» What to work on
All of the records below are to be given again word for word, with the pictures removed.

» Provided data
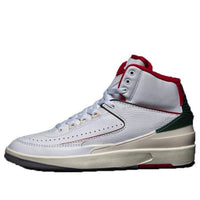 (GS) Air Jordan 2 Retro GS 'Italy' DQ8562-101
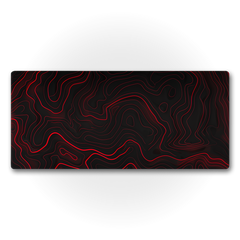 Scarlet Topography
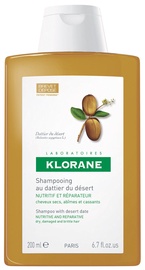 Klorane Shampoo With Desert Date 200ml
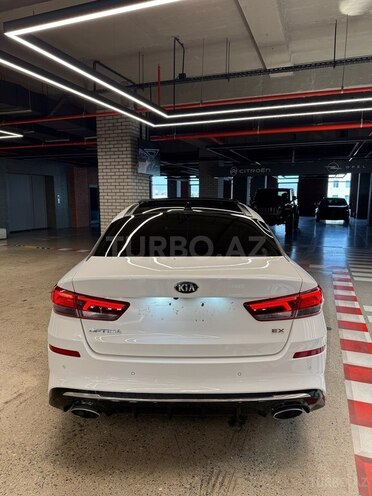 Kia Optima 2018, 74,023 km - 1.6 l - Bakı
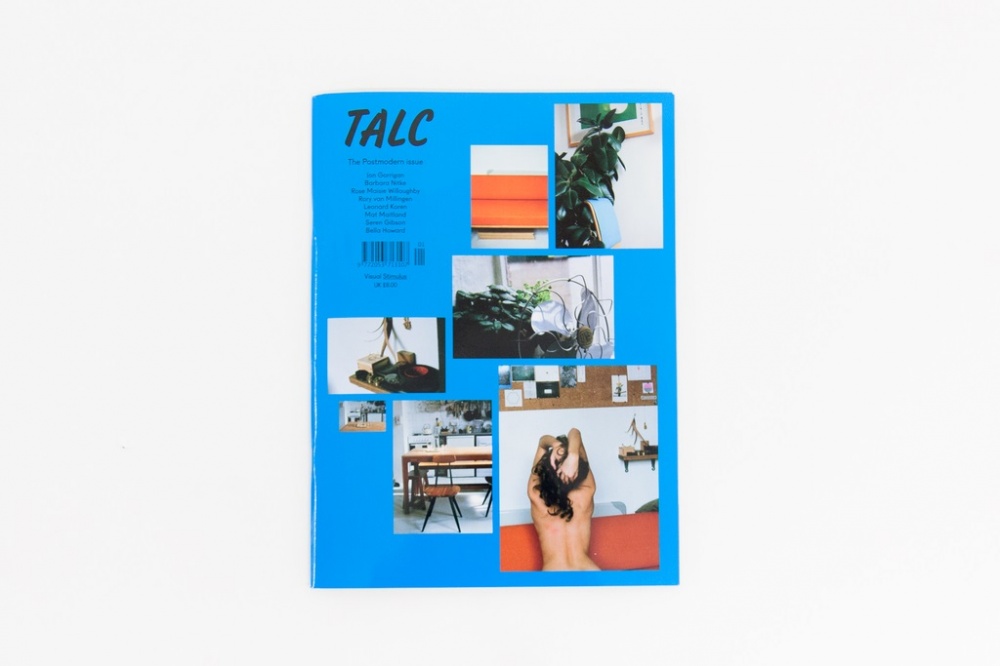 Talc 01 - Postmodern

» Response to this task
 (GS) Air Jordan 2 Retro GS 'Italy' DQ8562-101
 Scarlet Topography
 Klorane Shampoo With Desert Date 200ml
 Kia Optima 2018, 74,023 km - 1.6 l - Bakı
 Talc 01 - Postmodern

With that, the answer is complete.